> AIM OF THE EXERCISE:
Repeat everything in the listing exactly, except for the images.

> GIVEN DATA:
------------------------------------------------------------------------

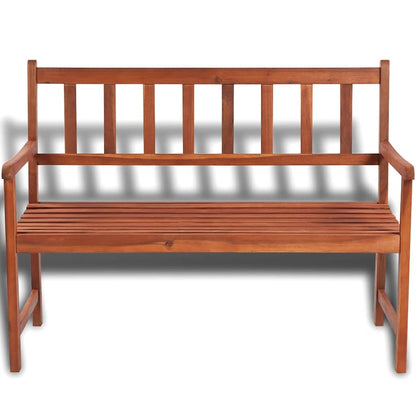 vidaXL Garden Bench | Light Brown | Acacia hardwood | Medium | Durable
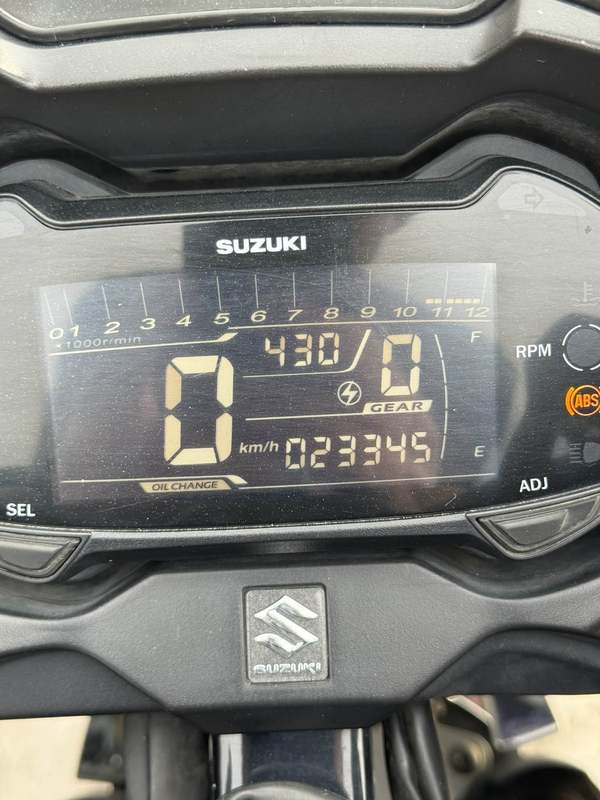 二手豪爵铃木GSX250R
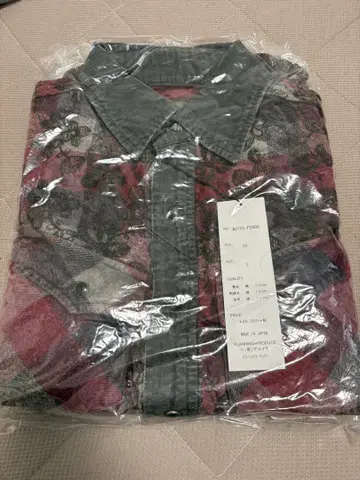 AYUITE 셔츠 size 1 미사용 새상품 택 포함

------------------------------------------------------------------------

> ANSWER TO THIS TASK:
 vidaXL Garden Bench | Light Brown | Acacia hardwood | Medium | Durable
 二手豪爵铃木GSX250R
 AYUITE 셔츠 size 1 미사용 새상품 택 포함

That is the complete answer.